PROBLEM DETAILS: Repeat each line of the listing exactly as written.

"""

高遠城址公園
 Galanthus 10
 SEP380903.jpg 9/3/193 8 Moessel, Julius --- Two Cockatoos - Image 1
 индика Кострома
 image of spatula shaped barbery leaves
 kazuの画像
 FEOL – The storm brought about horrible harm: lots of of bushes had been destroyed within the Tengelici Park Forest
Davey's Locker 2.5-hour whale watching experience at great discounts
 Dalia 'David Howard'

"""

RESPONSE FOR THIS EXERCISE:
高遠城址公園
 Galanthus 10
 SEP380903.jpg 9/3/193 8 Moessel, Julius --- Two Cockatoos - Image 1
 индика Кострома
 image of spatula shaped barbery leaves
 kazuの画像
 FEOL – The storm brought about horrible harm: lots of of bushes had been destroyed within the Tengelici Park Forest
Davey's Locker 2.5-hour whale watching experience at great discounts
 Dalia 'David Howard'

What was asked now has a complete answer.